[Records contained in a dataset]

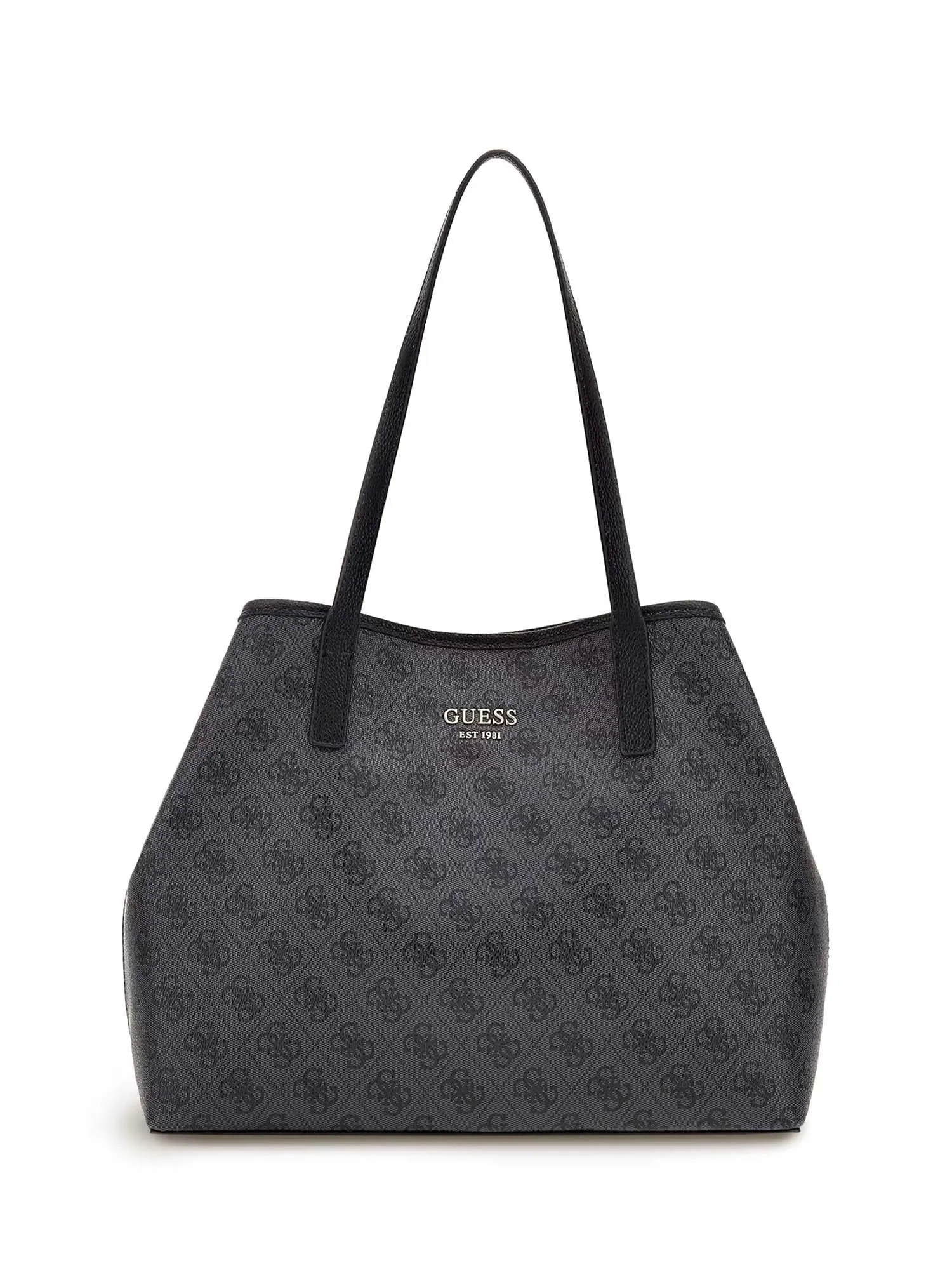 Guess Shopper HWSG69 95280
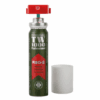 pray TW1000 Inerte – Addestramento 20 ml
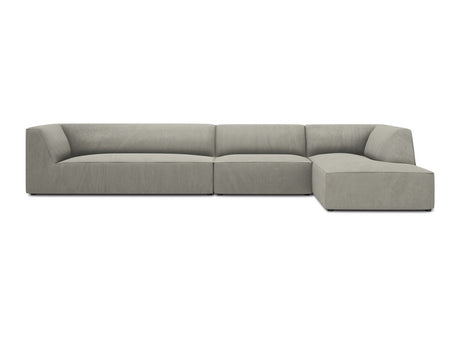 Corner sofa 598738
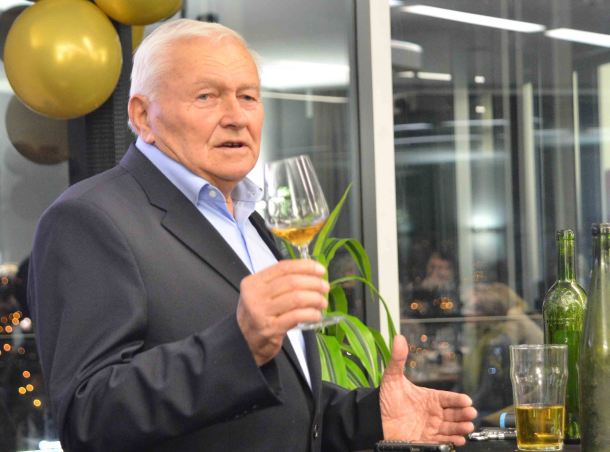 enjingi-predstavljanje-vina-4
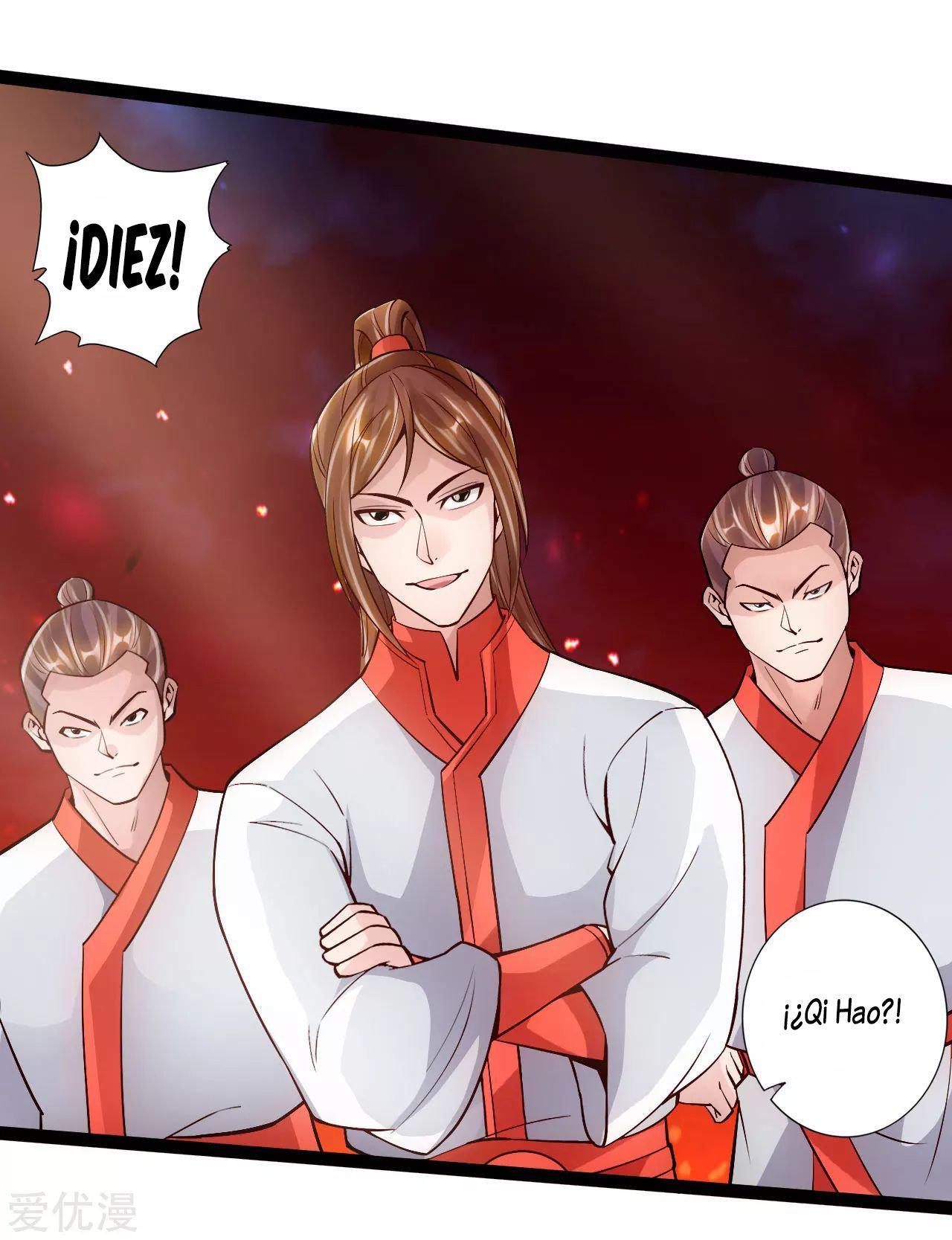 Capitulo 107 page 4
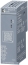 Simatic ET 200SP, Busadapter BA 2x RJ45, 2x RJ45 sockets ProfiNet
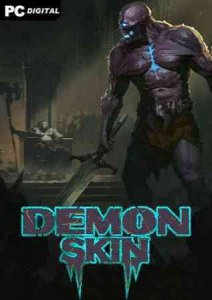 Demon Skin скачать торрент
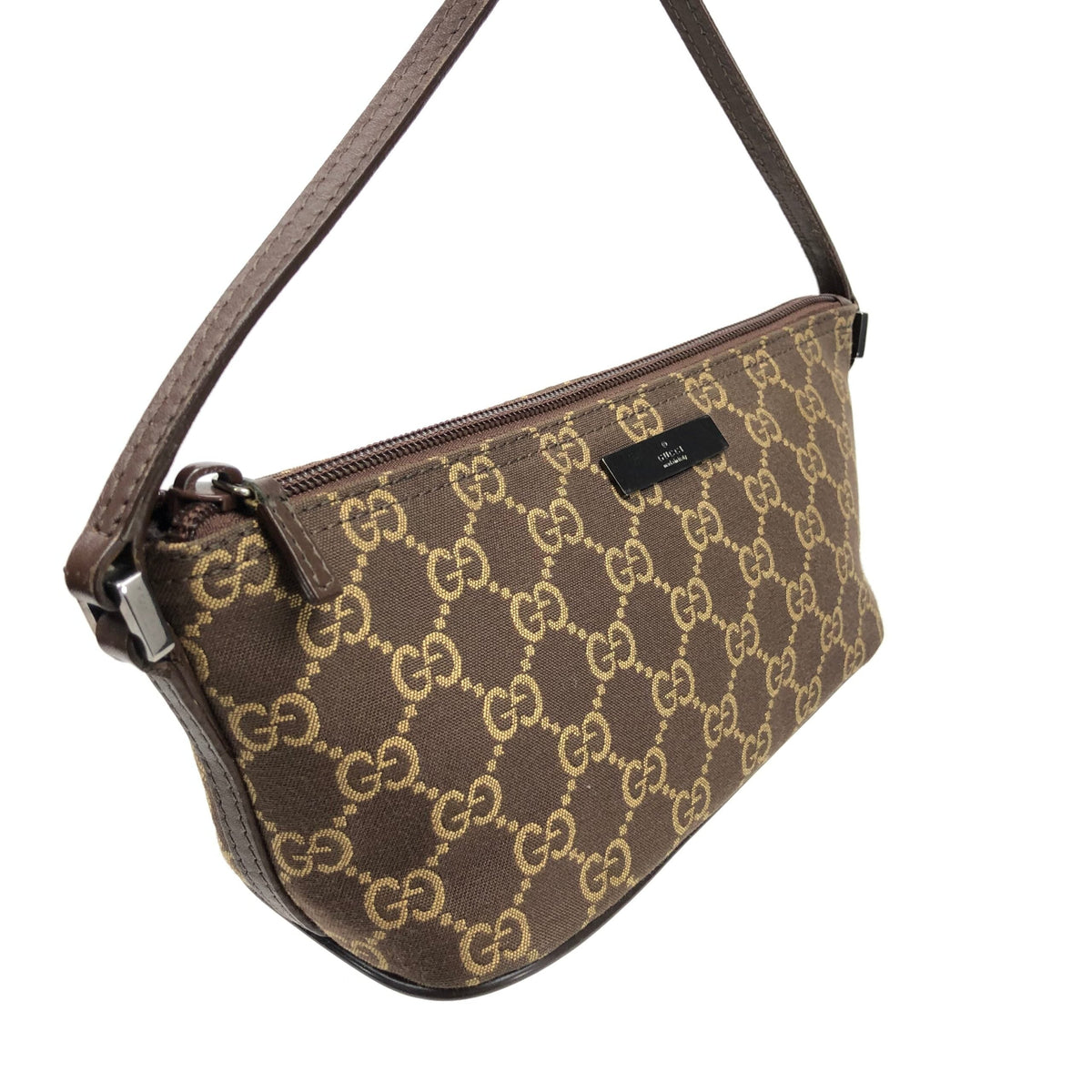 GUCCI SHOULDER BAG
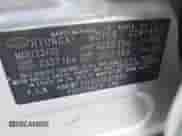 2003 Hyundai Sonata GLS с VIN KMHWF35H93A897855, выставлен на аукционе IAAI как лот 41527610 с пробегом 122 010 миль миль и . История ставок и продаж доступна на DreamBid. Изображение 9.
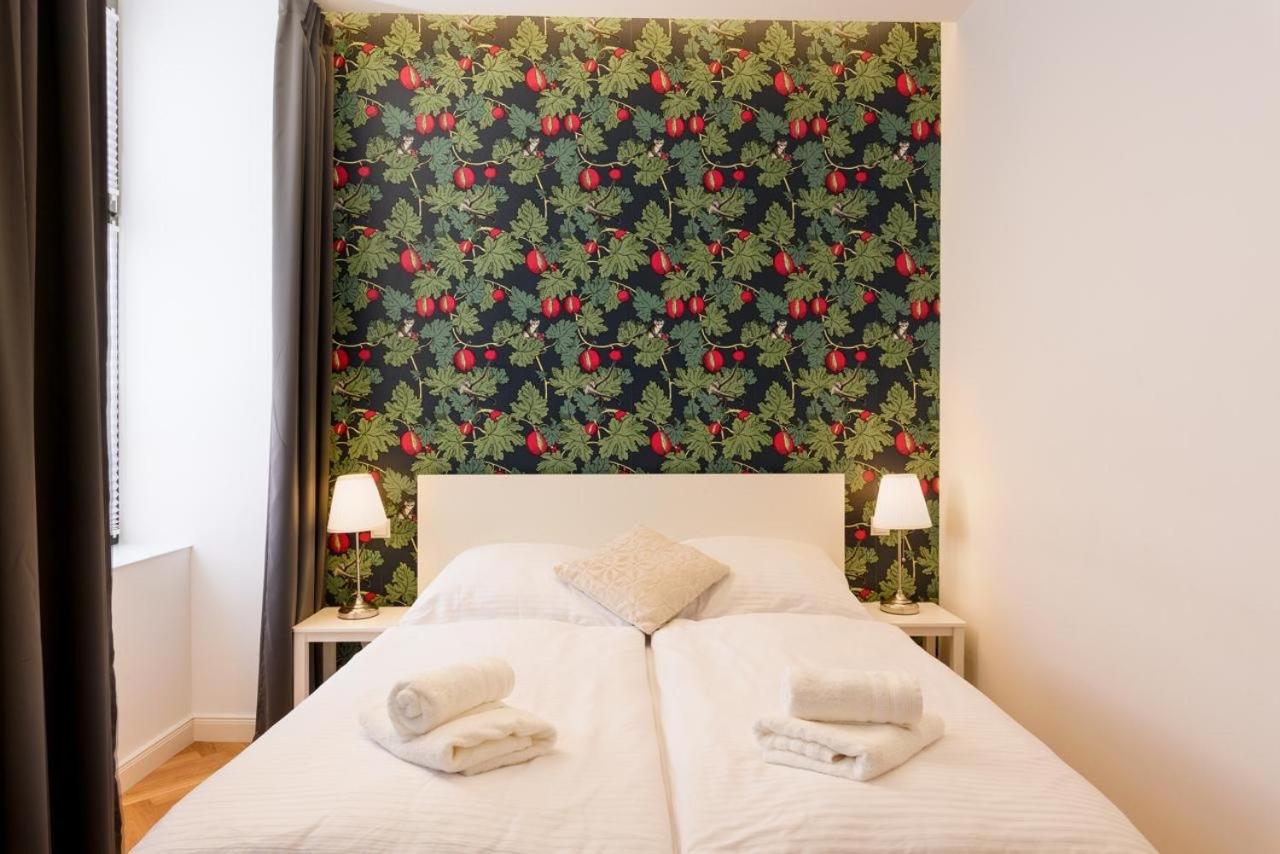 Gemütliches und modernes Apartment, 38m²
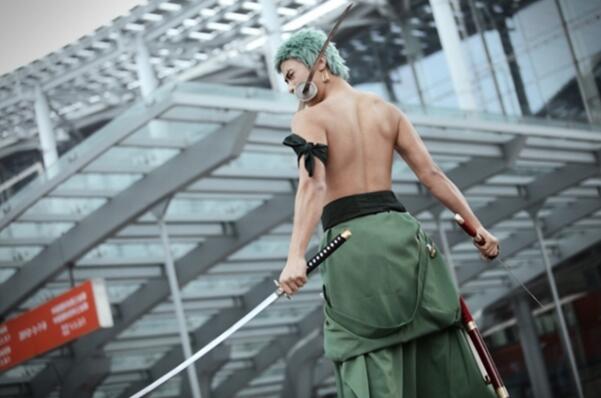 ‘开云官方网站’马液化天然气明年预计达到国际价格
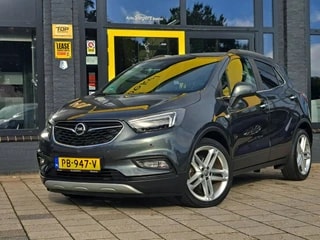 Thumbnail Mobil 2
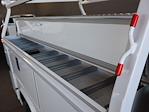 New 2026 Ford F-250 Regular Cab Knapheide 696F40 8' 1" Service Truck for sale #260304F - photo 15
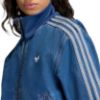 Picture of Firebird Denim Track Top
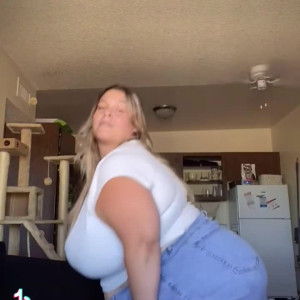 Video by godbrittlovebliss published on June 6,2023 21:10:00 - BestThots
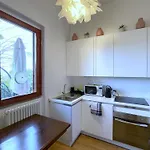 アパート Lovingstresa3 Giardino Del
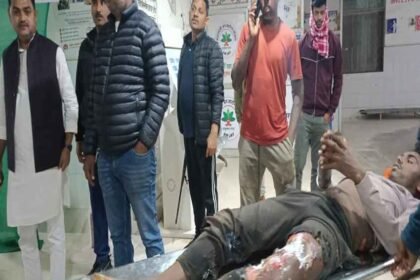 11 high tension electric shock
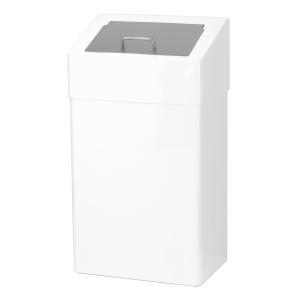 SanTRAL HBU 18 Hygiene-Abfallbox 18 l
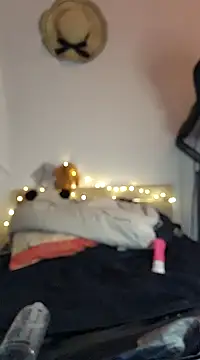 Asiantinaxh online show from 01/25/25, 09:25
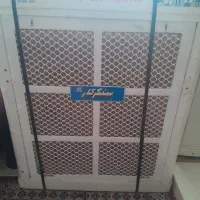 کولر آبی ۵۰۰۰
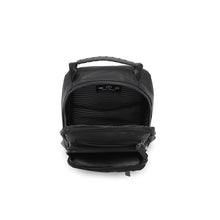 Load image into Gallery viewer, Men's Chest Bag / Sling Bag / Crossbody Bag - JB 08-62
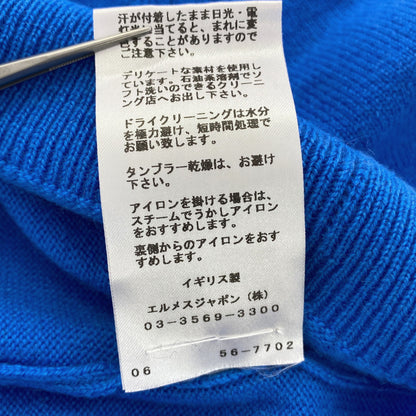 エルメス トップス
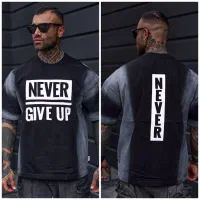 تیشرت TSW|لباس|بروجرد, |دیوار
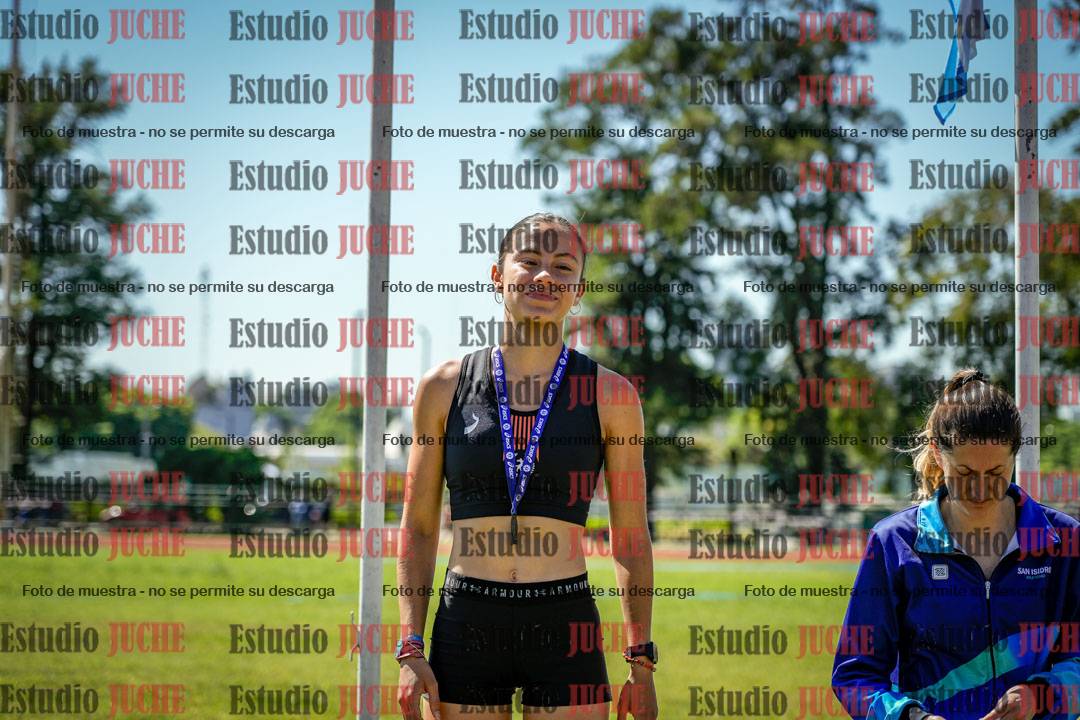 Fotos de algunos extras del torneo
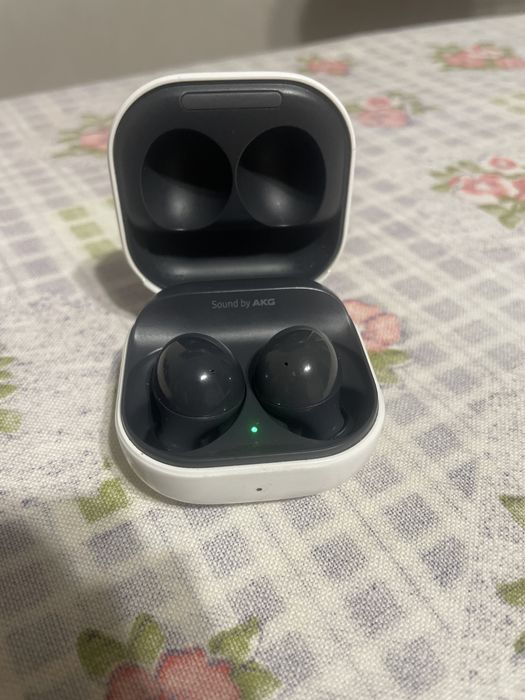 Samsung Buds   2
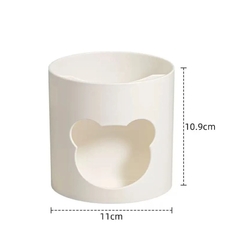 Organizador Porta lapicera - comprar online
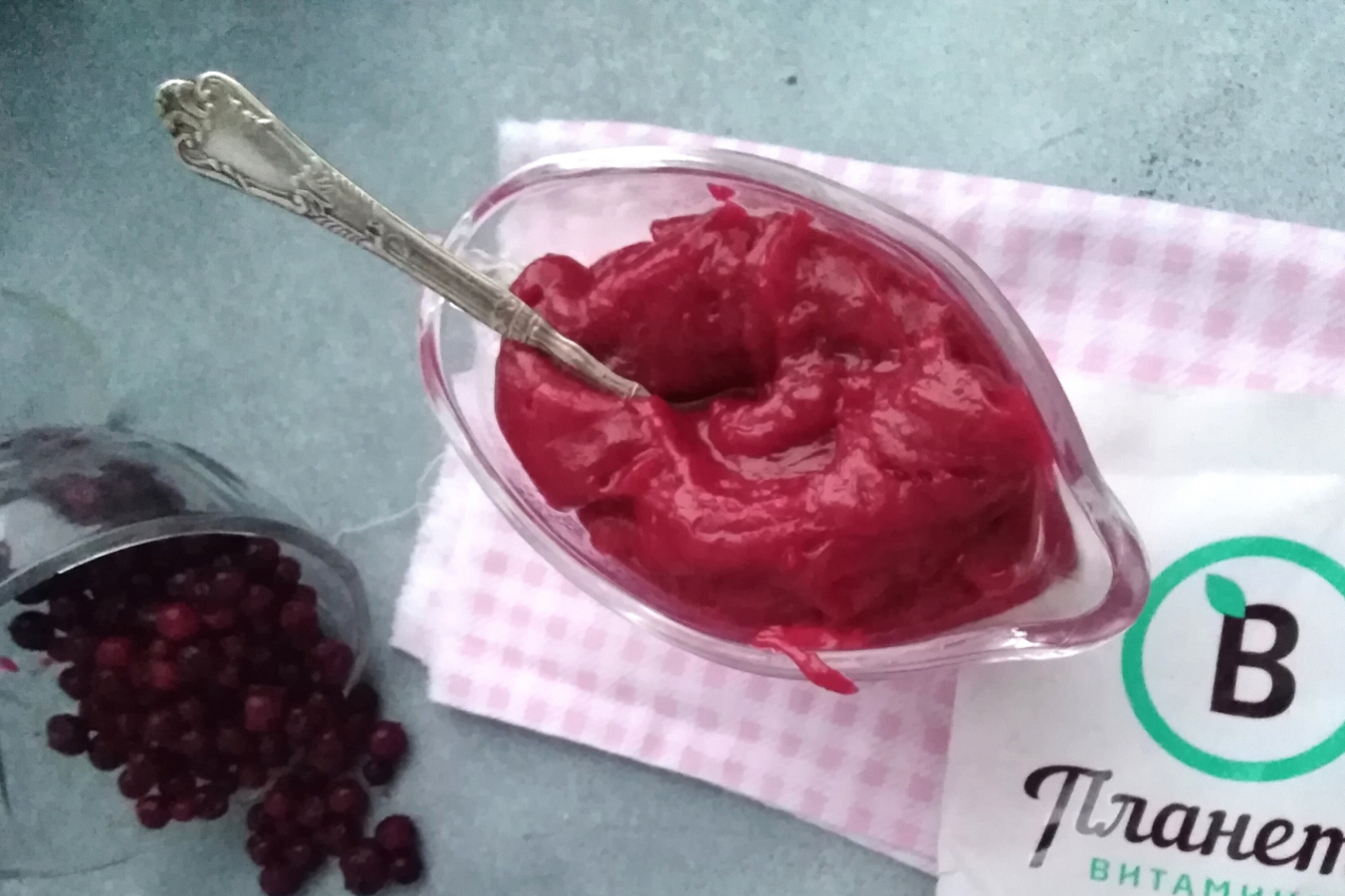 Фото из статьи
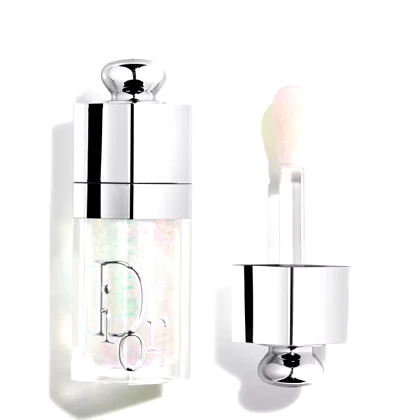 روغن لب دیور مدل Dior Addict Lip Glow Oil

* **Your instructions**
From the records above, extract the lines from the one holding "Simatic ET 200SP, Busadapter" through the one holding "GUCCI SHOULDER BAG", word for word; omit the pictures.

* **Result for this task**
 Simatic ET 200SP, Busadapter BA 2x RJ45, 2x RJ45 sockets ProfiNet
 Demon Skin скачать торрент
 GUCCI SHOULDER BAG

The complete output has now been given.